L'ultima variante Covid-19, associata all’avanzare della campagna vaccinale, potrebbe creare immunità naturale. Ma che succederà con i ceppi futuri?

Antonio GiordanobyAntonio Giordano
Omicron, un’opportunità per avvicinare la fine della pandemia

Omicron, la variante del coronavirus individuata in Sudafrica

Time: 2 mins read

Come osservato nelle ultime settimane, la variante Omicron ha sparigliato ogni aspettativa, crescendo vertiginosamente e soppiantando la variante Delta.
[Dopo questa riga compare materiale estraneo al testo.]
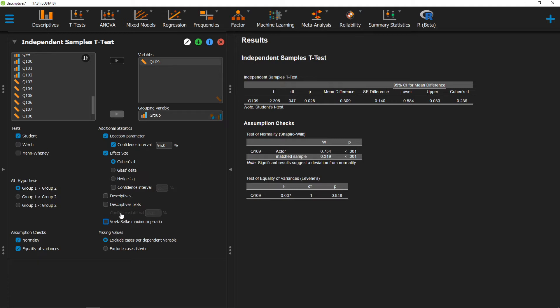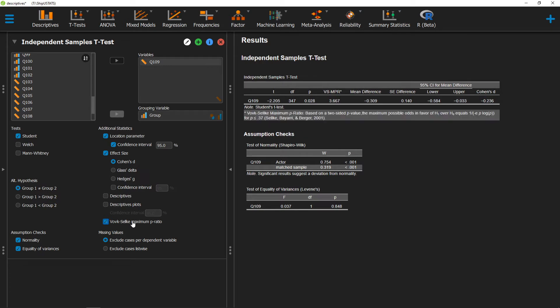The Vov-Selke maximum p-ratio is an option that you'll notice in a lot of different statistical tests in JASP. This particular maximum p-ratio is a value that will tell us some information about the diagnosticity of our p-value.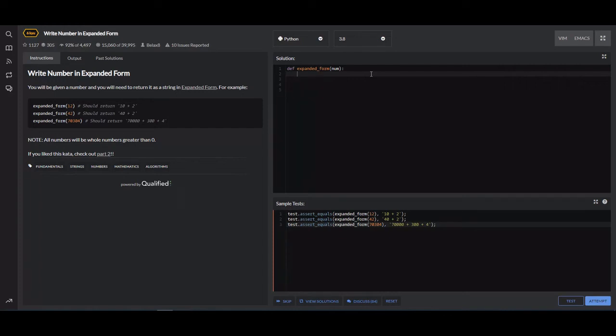In this video, I want to go over the write number in expanded form problem on Code Wars. What it wants you to do is it's going to give you a number called num and we need to write that number in expanded form.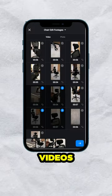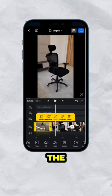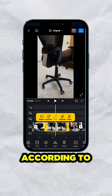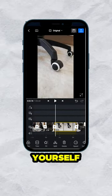Step 4: Bring all your videos to the VN application and trim the best parts according to yourself.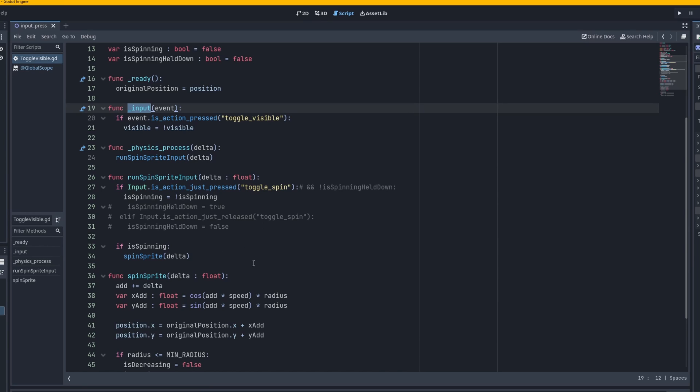But this is just a lot of different ways to handle inputs. And if you just want one key press to just run once. Whether it's held down or not. So hope this helped. Peace out.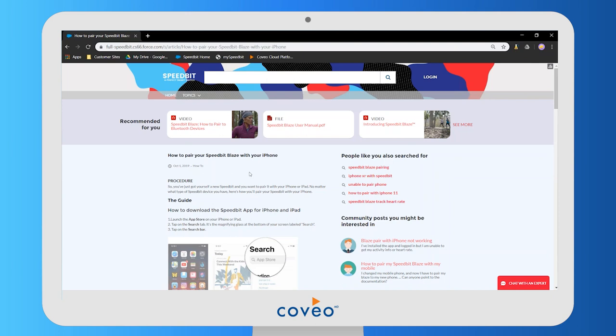Knowing that, Coveo is able to recommend videos, searches, and community posts here that typically interest users who view this same article.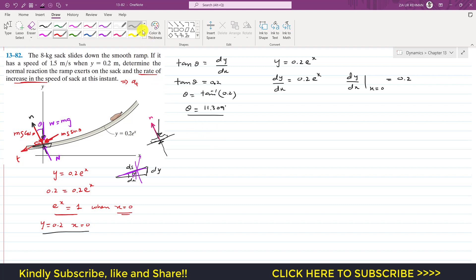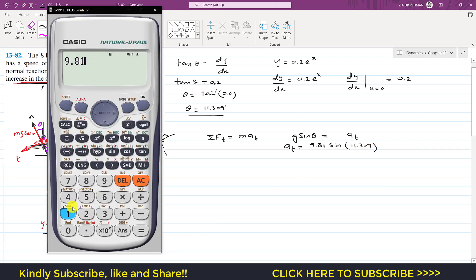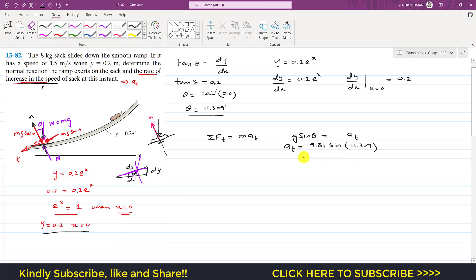Applying the summation of forces along the tangential axis equals m times a_t. Along the tangential axis, only the sine component of weight is acting, so m g sin theta equals m a_t. The mass cancels, leaving a_t equals g sin theta. Therefore a_t equals 9.81 times sin of 11.309 degrees, which gives us 1.924 meters per second squared.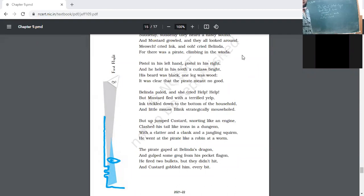The further explanation of the poem we will do tomorrow. Right now, if you have any doubts you can raise your hands, and I'm going to take your attendance also.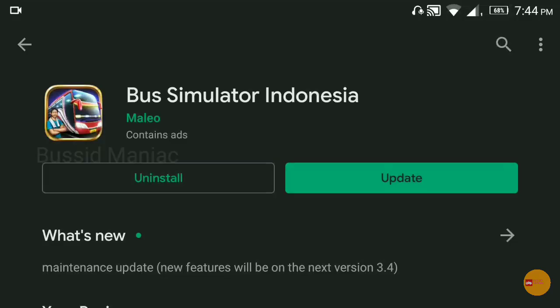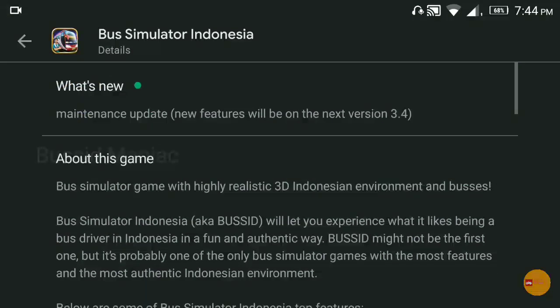Hello guys, welcome back to BuzzFeed Maniac channel. In this video I am coming to the Bus Simulator Indonesia game, I am coming to the new app. You can start a maintenance app.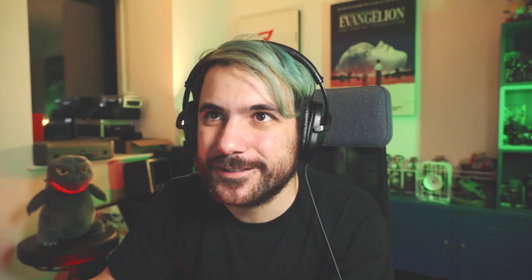In Ableton Live we use what we usually would use for external effects — like if you have external hardware compressors, external preamps, external EQs. But you can use it for the Antelope Audio stuff, which is quite nice because it kind of feels like you have outboard gear. But it sounds really good. What we need to find is the External Audio Effect plugin, right here, and just drag it into the track. This is the External Audio Effect plugin — it's a really easy way to route things in and out of Ableton, and that's why I like it.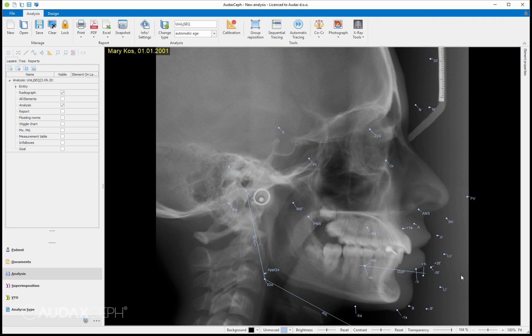Hello, this is Peter. I'd just like to explain things regarding the calibration. When you calibrate the analysis, you can see here the calibration button and there is a red dot there. That means that the analysis hasn't been calibrated yet.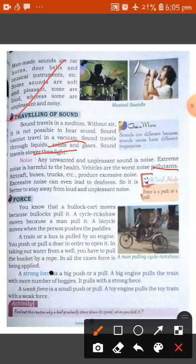It is better to stay away from loud and unpleasant noise. Now, talking about force. A bullock cart moves because bullocks pull it. A cycle rickshaw moves because a man pulls it. A bicycle moves when a person pushes the pedals. A train or a bus is pulled by an engine. To open a door, you push or pull it. To take out water from a well, you have to pull the bucket by a rope. In all these cases, force is being applied.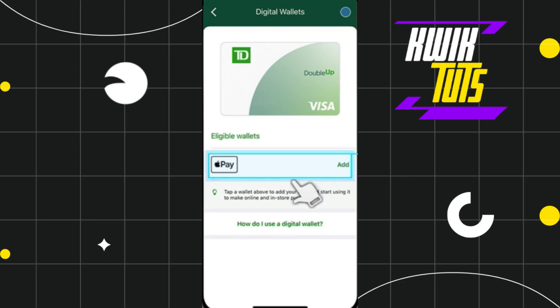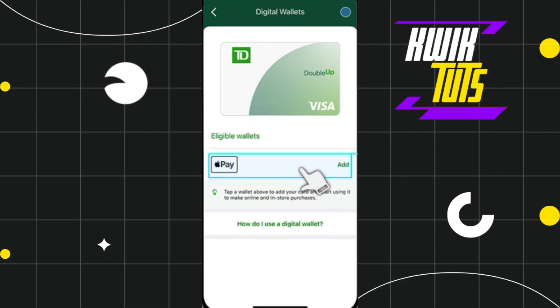You are able to see Apple Pay or Google Pay here. You simply need to select Apple Pay if you are using an iPhone or iOS device, or select Google Pay if you are using an Android device.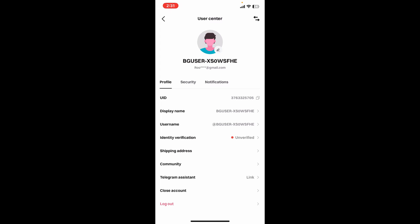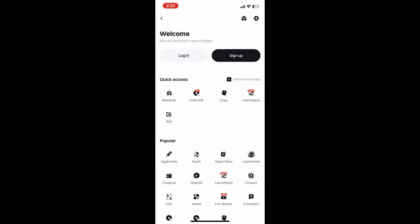Before logging out of your account, make sure you remember your password and login credentials. Make sure you remember your email address or phone number and password. If you do, simply tap on log out and then you have successfully logged out or signed out of BitGet Wallet app.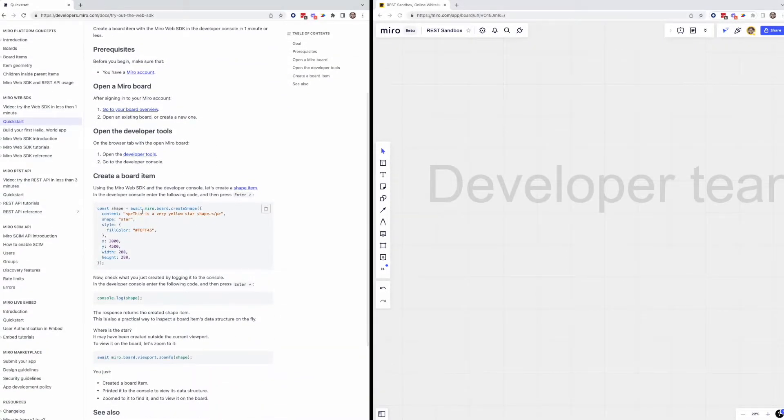Following our documentation, the first step is to open up a Miro board. If you don't have one ready, you can simply create a new one to get started.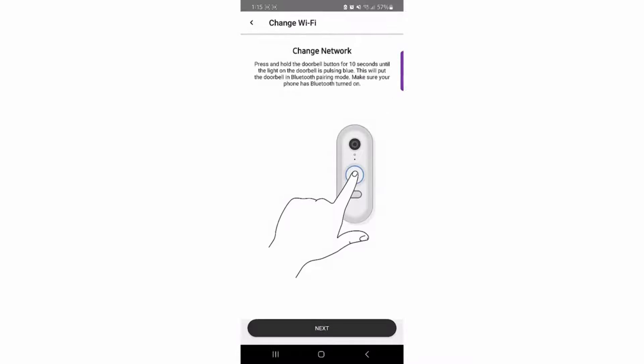Start the Bluetooth enrollment on the doorbell by pressing and holding the doorbell button until the halo LED flashes blue and you hear a tone. Do not click Next until the halo LED flashes blue.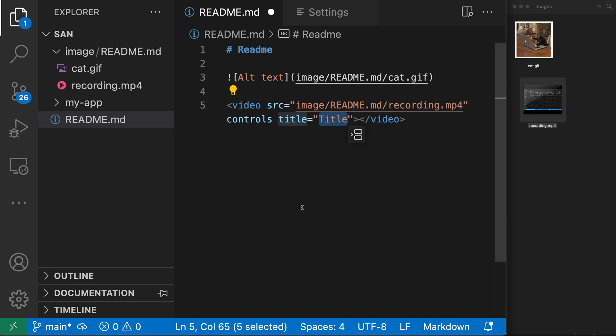That's a quick look at how VS Code can help you write markdown by copying media files into your workspace automatically. Give it a try and check out the documentation for more examples and settings that you can configure.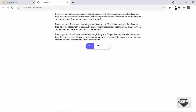Hi everybody, welcome to Live Blogger. In this video, I'll show you how to add post pagination to your blogger website. In the previous two videos, I showed you how to create this pagination from scratch using HTML, CSS and JavaScript. So if you want to learn how to do this, you can watch those videos — I will leave the link in the description of this video.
Scoprire che Omicron non induce malattia grave nella stragrande maggioranza dei casi, ha lasciato spazio all’intuizione che possa realmente porre la parola fine alla Pandemia come fenomeno sociale, con relative restrizioni e collasso economico di molti settori, aprendo la strada ad una convivenza col virus, che depotenziandosi, pur di sopravvivere ed adattandosi all’uomo, non uccide, ma diventa endemico, e quindi meno pericoloso.
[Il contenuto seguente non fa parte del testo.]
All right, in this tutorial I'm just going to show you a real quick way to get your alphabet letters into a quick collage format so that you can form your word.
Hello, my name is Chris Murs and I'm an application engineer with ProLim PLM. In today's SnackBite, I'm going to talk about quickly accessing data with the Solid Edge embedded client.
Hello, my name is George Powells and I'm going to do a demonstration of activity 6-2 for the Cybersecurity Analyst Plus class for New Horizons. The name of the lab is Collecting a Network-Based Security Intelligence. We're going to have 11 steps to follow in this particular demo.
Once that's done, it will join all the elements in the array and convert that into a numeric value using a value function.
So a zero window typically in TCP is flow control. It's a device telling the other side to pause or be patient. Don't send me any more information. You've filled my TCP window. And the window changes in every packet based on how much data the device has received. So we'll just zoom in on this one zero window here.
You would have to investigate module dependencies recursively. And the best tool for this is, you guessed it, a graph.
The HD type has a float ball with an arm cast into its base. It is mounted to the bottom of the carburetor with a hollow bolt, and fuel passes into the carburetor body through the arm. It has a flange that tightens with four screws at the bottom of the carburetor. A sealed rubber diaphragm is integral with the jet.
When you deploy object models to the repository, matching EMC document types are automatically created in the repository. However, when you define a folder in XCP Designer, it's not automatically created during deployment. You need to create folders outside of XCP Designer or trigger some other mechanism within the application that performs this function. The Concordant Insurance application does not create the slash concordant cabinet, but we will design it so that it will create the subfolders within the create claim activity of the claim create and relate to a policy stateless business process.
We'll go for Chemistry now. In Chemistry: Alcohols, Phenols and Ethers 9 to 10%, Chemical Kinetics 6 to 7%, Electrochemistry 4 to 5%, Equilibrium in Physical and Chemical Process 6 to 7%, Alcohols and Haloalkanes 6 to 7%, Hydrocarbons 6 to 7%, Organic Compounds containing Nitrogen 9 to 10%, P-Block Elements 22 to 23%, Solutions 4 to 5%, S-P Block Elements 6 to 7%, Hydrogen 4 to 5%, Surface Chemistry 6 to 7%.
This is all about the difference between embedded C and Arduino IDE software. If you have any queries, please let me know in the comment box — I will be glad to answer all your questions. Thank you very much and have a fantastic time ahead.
L’esposizione ad Omicron, così massiccia, porterà nelle prossime settimane a numeri di contagi elevatissimi, e pur consapevoli che solo adottando le vecchie regole sulle quarantene abbiamo evitato il blocco totale di servizi essenziali, siamo certi che ciò rappresenti la “vera buona notizia” da inizio pandemia: la variante Omicron potrebbe creare immunità naturale che, associata all’avanzare della campagna vaccinale, ci traghetterà verso una “nuova normalità”, più consapevole, in cui potremmo riprenderci gli spazi e il quotidiano che ci sono stati negati in questi ultimi due anni. Una immunità così ampia potrebbe consentirci anche, con buona probabilità, una potente protezione contro i “ceppi futuri”, poiché l’evoluzione del virus lo ha declassato ad una” forma influenzale che non colpisce i polmoni”, come nelle precedenti varianti alfa, inglese e delta, che ha tempi di incubazione e di guarigione relativamente brevi e con minor carico delle strutture sanitarie e delle terapie intensive.
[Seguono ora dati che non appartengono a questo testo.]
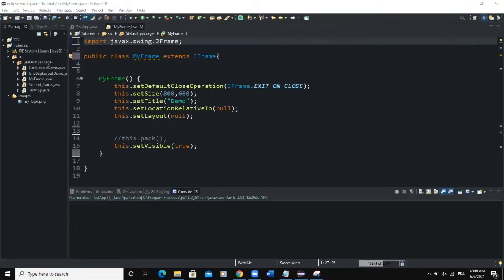Hello guys, welcome back to this YouTube channel. Today we are going to talk about the mouse listener interface. In the previous video, we talked about the key listener interface. So today we will see how to use the mouse listener interface that is used in Java to receive mouse events such as click, press, release, enter, or exit on a GUI component.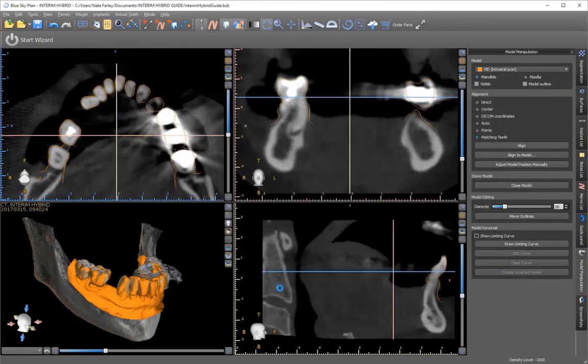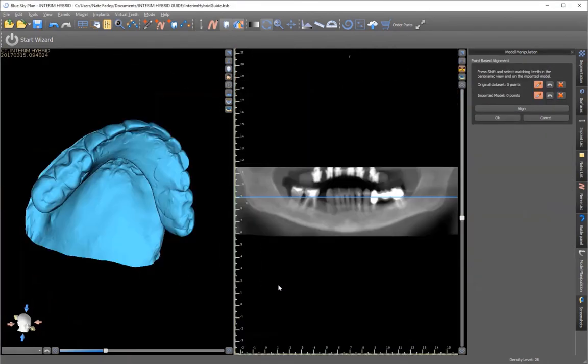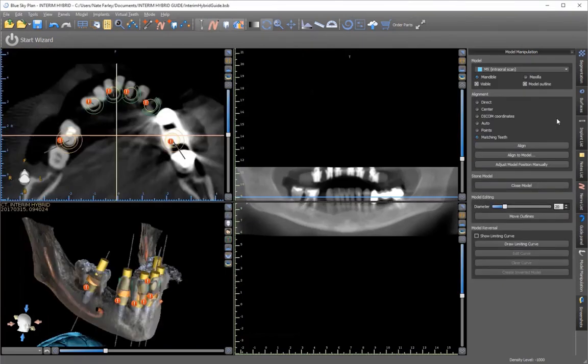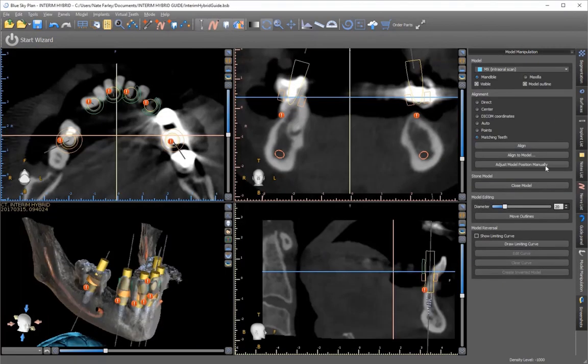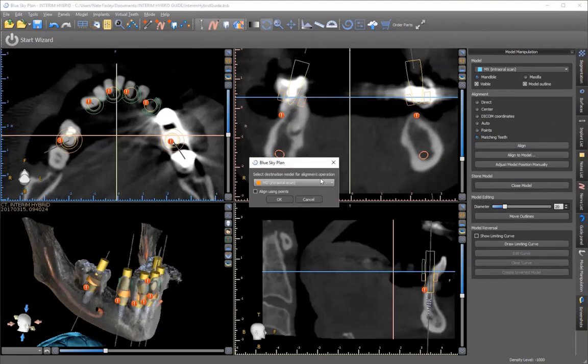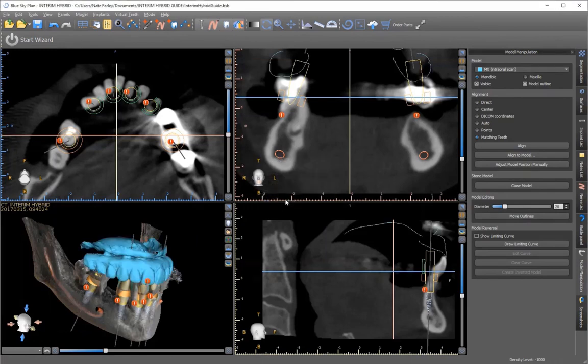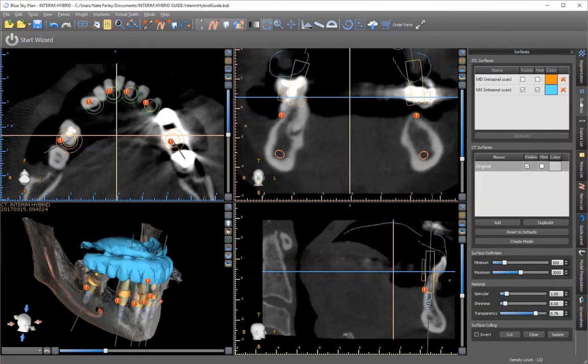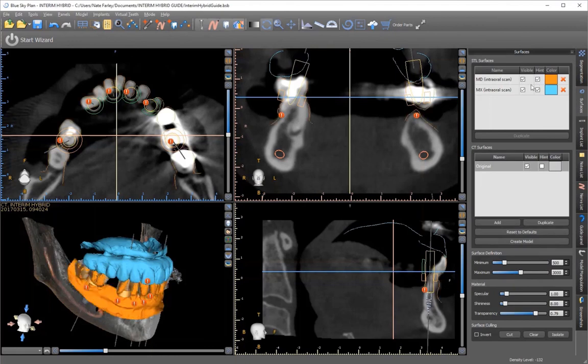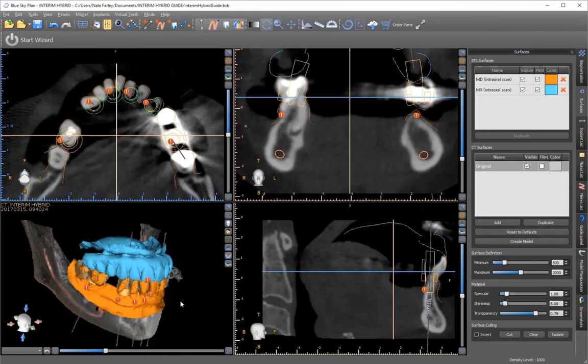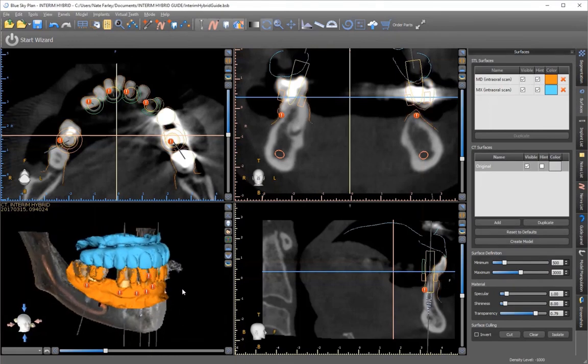we're bringing in the maxillary arch. We don't use this screen. I just hit cancel because I can actually align it to the model I already aligned. We just need to choose that model and say OK. As you can see, it uses the same coordinates that came with that original model to position the second one.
Una manifestazione noVax a Union Square, New York – Foto di Terry W. Sanders

Ciò non vuol significare “un liberi tutti”, perchè quello che abbiamo vissuto personalmente o in famiglia o che abbiamo anche solo visto in televisione o intorno a noi in questo difficile periodo, lo dobbiamo custodire profondamente e da esso imparare a ricominciare e a porre le basi per una convivenza civile migliore, sentirla come una dolorosa pagina, ma come una grande opportunità. Continueremo infatti, ad utilizzare dispositivi di sicurezze e cautela, per un dato tempo, e tutti comunque porteremo il segno della libertà negata, degli abbracci mancati, degli addii solitari fuori dagli ospedali, dei funerali in forma ridotta, delle feste a cui non abbiamo potuto partecipare, dei giorni di scuola e dei giochi che i nostri figli hanno perso.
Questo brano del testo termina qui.